▶ Crawled caption data:
------
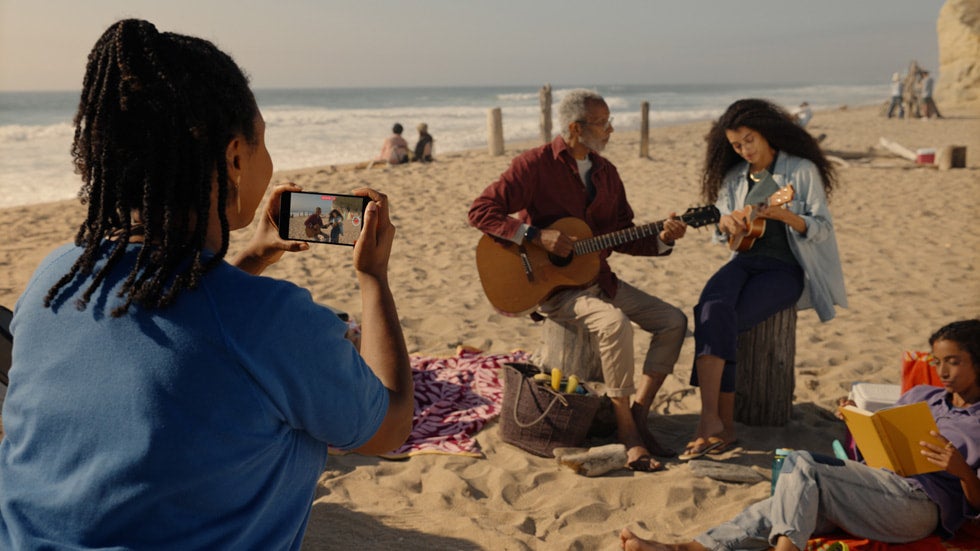 New iOS 17.2 feature Spatial Video footage being shot on beach (official Apple photo)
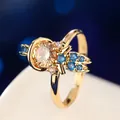 Close-up macro view of a gold fairy tale princess ring set with colorful gemstones. - Elf Wings Champagne Style (R05512-01) / Gold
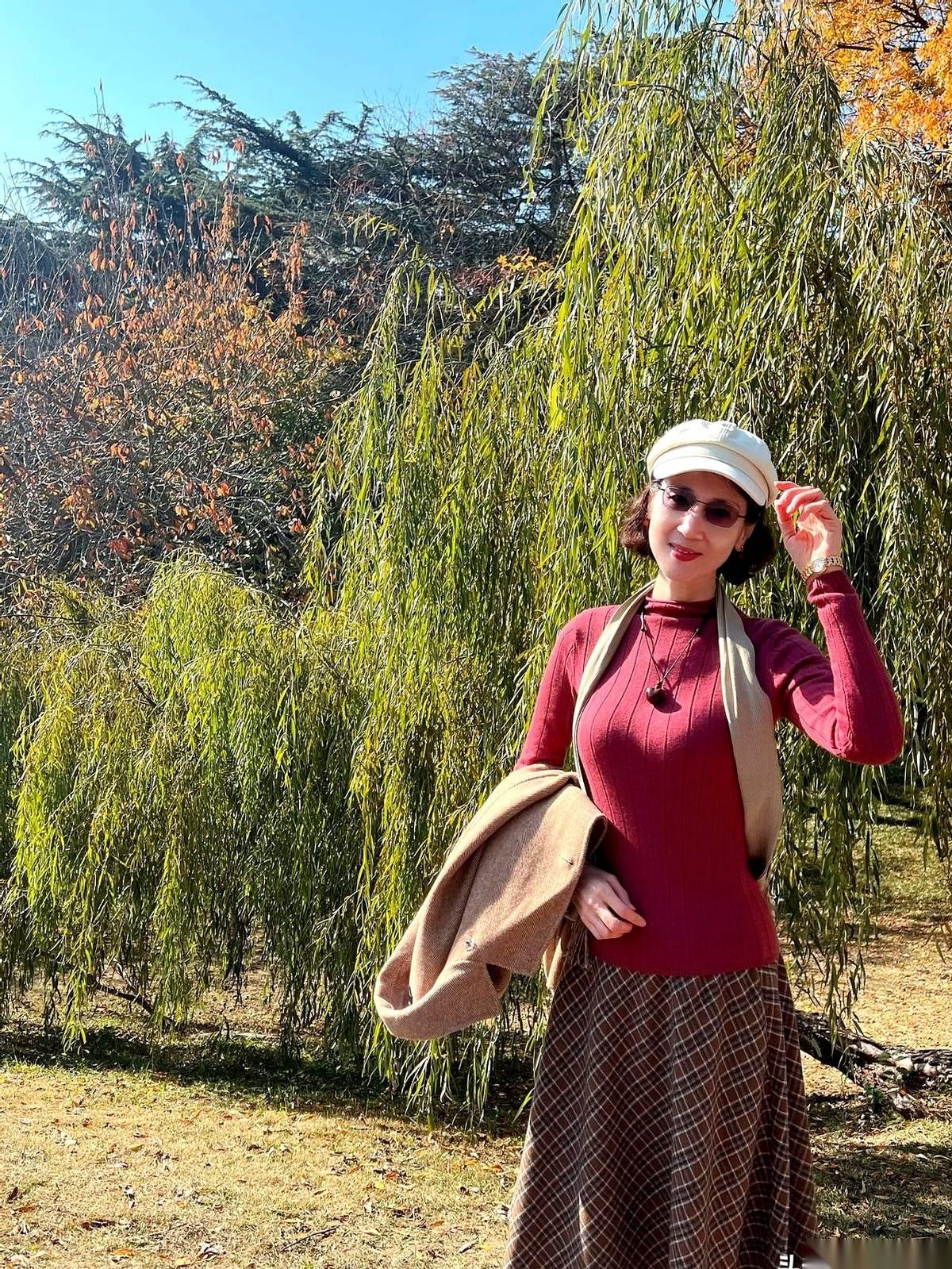 夏天拼了命往上长的柳树，秋天终于怂了。
垂头丧气的，把一头绿发染成了金毛。
风一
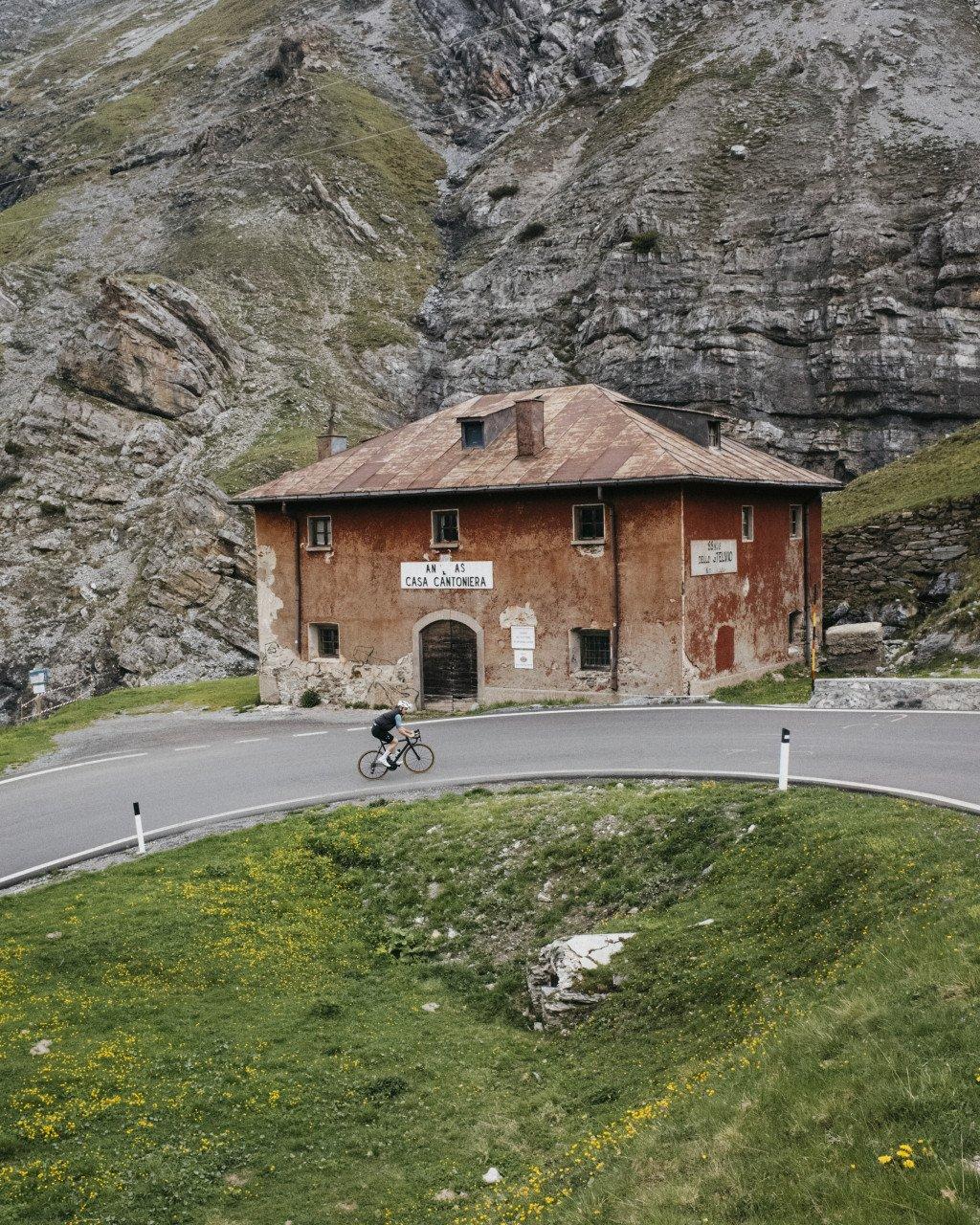 Cyclist on mountain road passing historic stone building with dramatic rocky cliffs backdrop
------
▶ YOUR OBJECTIVE: Print the data again word for word, pictures excluded.

▶ REPLY TO THE TASK:
 New iOS 17.2 feature Spatial Video footage being shot on beach (official Apple photo)
 Close-up macro view of a gold fairy tale princess ring set with colorful gemstones. - Elf Wings Champagne Style (R05512-01) / Gold
 夏天拼了命往上长的柳树，秋天终于怂了。
垂头丧气的，把一头绿发染成了金毛。
风一
 Cyclist on mountain road passing historic stone building with dramatic rocky cliffs backdrop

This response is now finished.